(Limerick East): It is also hoped that the morale of certain officials will be raised by making them employees of an agency rather than civil servants. Finally, it is hoped that a combination of the three factors already mentioned will provide a better debt management service than at present, and that savings in debt servicing of about £35 million will be made this year.
The action by the Minister in this Bill is fire brigade action arising from the fact that he can neither maintain in the Civil Service or recruit to the Civil Service persons with the desirable level of expertise to manage the national debt. It is also a symptom of a wider malaise in the Civil Service. Morale in the Civil Service was never lower; there was never such a feeling previously among civil servants of being ill-used, overworked, underpaid and treated in a manner which communicates a view that the real players in the economy are in the private sector, and that civil servants, though necessary, are not to be held in high regard.
Action by the Minister to ease the problem in areas where the shoe is pinching tightest, such as in this Bill, is ignoring the wider problem. The Minister, if he continues to ignore it, may seriously damage public administration in this country.
Our national debt is very high. It is big in actual terms and in comparative terms. At present it is about 117 per cent of GNP and stands between £25 billion and £26 billion. It has risen every year in living memory and will rise again this year. It costs over £2 billion to service the debt. This servicing consumes an enormous amount of tax revenue and if this was available for the provision of services or for the reduction of taxes, the consequences for the country would be dramatic.
The national debt has enormous consequences for all of us in this country. Therefore it follows that the management of the national debt is one of the crucial tasks of Government, and in particular of the Minister for Finance. Most of us in politics are general practitioners. I know of no Minister for Finance in recent times who himself had the expertise to run the national debt portfolio. All Ministers have had to rely on the expertise available within their Department to do so and have been well served. The problem of the national debt has to do with its size and the rate at which it is increasing rather than with the management of the portfolio. If the circumstances are now such that the Minister cannot maintain or recruit the level of expertise necessary and desirable to manage the national debt, changes must be made to ensure that such expertise is available.
In addressing the problem he faces, the Minister has decided to reconstitute the debt management section of his Department, as an agency responsible to himself, staffed by non-civil servants and paid for out of central funds. This arrangement will enable the Minister to provide higher pay and better conditions to the same people, to do the same job, and the organisation model used will prevent the pay increases from running through the public service in relativity claims.

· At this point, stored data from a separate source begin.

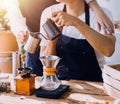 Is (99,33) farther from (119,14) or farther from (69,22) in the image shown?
(119,14)

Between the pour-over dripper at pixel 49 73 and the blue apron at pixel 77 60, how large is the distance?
1.32 feet

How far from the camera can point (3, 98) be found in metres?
1.49

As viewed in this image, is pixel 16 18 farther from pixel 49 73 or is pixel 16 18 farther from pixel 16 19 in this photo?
pixel 49 73

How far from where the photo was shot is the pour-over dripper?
1519 millimetres

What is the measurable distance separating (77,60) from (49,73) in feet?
1.80

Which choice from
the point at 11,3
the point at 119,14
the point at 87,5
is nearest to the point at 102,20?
the point at 87,5

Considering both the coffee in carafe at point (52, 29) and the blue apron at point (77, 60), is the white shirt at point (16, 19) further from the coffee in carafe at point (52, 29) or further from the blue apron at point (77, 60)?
the coffee in carafe at point (52, 29)

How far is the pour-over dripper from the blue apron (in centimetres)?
40

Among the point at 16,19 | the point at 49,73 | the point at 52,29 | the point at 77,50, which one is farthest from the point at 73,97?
the point at 16,19

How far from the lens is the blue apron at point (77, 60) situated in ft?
6.57

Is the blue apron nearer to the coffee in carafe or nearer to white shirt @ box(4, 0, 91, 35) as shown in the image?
the coffee in carafe

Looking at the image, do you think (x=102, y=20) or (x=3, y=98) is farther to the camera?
(x=102, y=20)

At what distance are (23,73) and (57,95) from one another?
226mm

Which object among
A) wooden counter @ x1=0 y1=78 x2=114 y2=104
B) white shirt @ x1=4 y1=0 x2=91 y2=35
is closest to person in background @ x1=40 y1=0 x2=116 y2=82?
wooden counter @ x1=0 y1=78 x2=114 y2=104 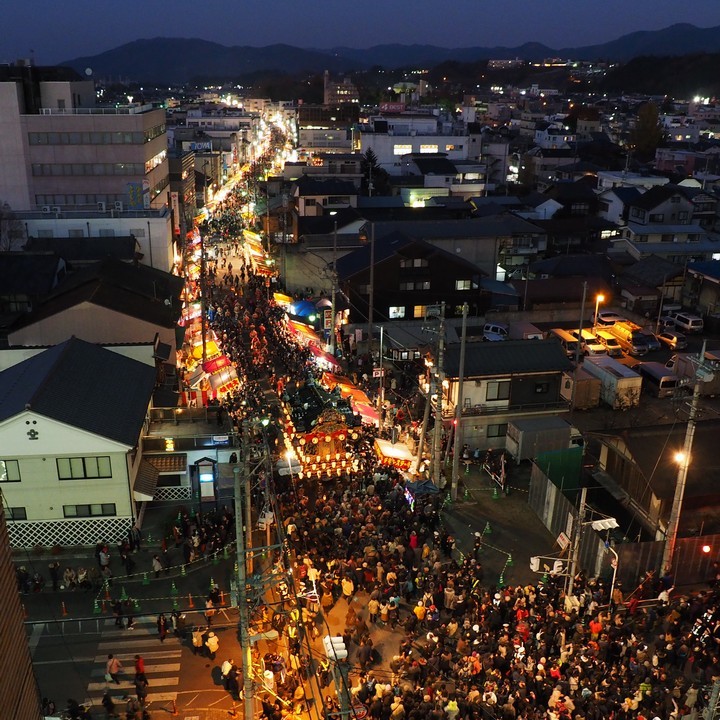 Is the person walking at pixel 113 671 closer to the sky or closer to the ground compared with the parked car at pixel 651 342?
closer to the ground

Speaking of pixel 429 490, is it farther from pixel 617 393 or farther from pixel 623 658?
pixel 617 393

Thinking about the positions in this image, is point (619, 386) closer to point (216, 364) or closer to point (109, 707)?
point (216, 364)

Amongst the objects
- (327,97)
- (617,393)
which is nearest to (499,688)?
(617,393)

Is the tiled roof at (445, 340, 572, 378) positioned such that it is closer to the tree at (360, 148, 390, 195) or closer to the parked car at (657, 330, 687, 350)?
the parked car at (657, 330, 687, 350)

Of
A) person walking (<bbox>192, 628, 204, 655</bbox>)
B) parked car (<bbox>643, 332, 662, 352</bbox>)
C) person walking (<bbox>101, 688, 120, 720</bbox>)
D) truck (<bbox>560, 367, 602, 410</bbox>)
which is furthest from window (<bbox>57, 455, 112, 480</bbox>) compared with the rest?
parked car (<bbox>643, 332, 662, 352</bbox>)

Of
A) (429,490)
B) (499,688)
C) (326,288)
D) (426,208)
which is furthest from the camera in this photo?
(426,208)

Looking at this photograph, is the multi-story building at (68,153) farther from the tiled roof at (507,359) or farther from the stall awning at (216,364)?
the tiled roof at (507,359)

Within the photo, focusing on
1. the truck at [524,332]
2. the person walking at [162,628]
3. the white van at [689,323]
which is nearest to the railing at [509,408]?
the truck at [524,332] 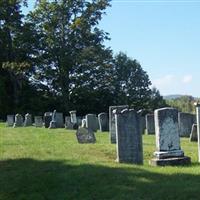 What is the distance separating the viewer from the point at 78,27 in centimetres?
5859

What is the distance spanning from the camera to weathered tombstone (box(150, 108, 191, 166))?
13477mm

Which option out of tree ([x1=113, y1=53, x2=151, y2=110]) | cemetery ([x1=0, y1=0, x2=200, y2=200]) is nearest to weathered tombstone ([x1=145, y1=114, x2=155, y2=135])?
cemetery ([x1=0, y1=0, x2=200, y2=200])

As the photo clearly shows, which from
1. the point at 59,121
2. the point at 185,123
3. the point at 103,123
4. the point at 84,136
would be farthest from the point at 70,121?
the point at 84,136

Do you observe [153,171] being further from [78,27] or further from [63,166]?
[78,27]

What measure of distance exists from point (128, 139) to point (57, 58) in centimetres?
4582

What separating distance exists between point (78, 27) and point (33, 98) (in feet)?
29.2

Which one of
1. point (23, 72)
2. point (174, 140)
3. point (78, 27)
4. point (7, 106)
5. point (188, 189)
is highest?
point (78, 27)

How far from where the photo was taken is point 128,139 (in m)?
14.1

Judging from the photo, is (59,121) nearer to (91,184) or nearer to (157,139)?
(157,139)

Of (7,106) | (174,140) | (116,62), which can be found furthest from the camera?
(116,62)

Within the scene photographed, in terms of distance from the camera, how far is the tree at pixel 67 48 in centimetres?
5884

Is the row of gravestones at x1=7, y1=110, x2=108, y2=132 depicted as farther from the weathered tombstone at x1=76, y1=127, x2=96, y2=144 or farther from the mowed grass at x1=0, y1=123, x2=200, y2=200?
the mowed grass at x1=0, y1=123, x2=200, y2=200

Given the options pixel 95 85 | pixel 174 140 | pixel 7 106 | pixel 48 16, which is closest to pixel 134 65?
pixel 95 85

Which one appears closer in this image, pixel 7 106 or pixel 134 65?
pixel 7 106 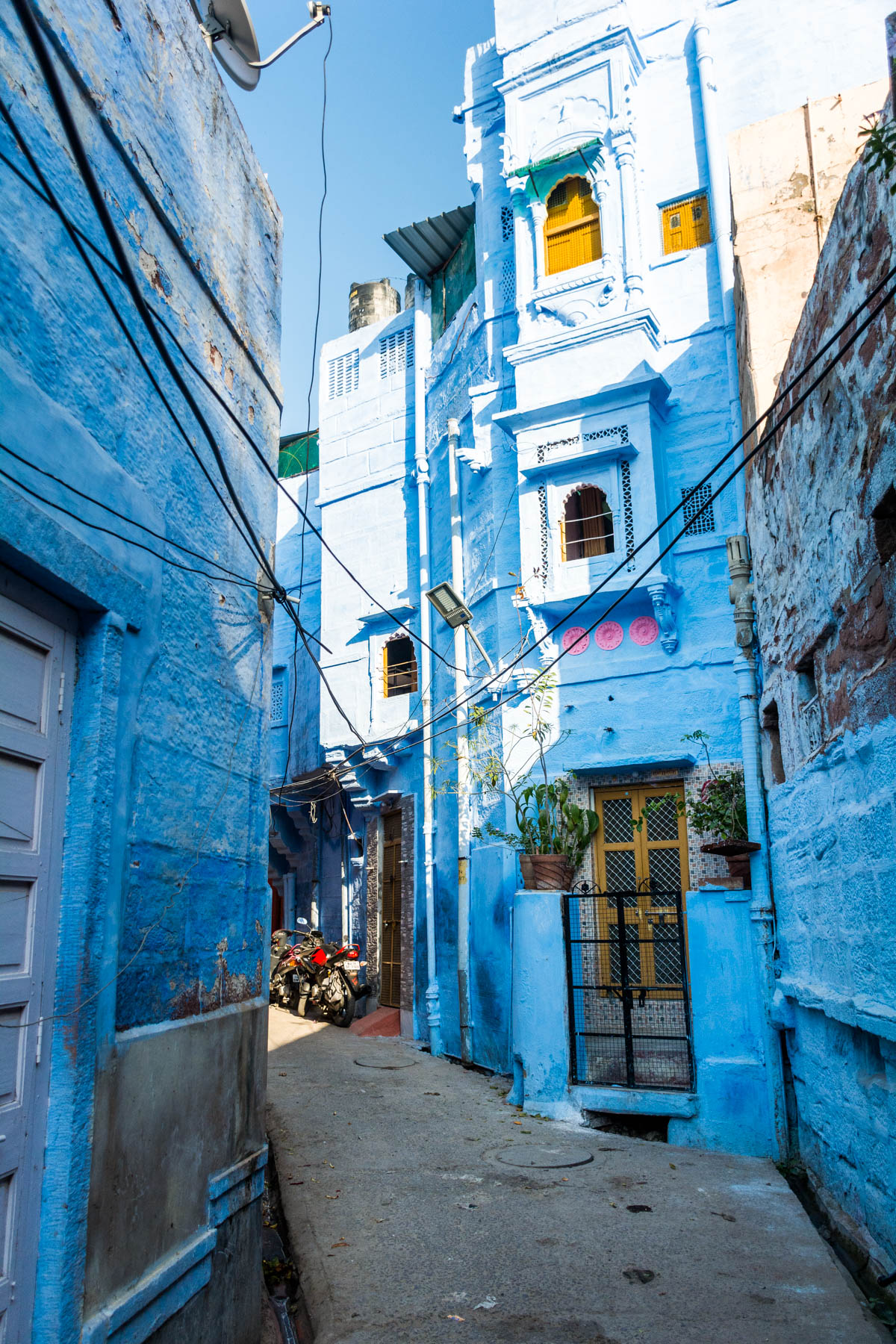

This is the long and the short of the situation and attempts by the Minister to dress up the Bill in "brave new world" language is decorative but not relevant to the main purpose of the Bill. Nobody knows this better than the Minister.
I would now like to deal with the manner in which the Minister is dealing with the problem which I accept he is facing. First, he uses an unusual organisational model in addressing the problem.One would have thought that the State agency model would be the one used, whereby one would set up an agency similar to the Industrial Development Authority, Córas Tráchtála or any of the other agencies, with the Minister and the Government appointing a board who in turn would select a chief executive who would be responsible to the board. The Minister is not going to do this and it is worth looking at the reasons why.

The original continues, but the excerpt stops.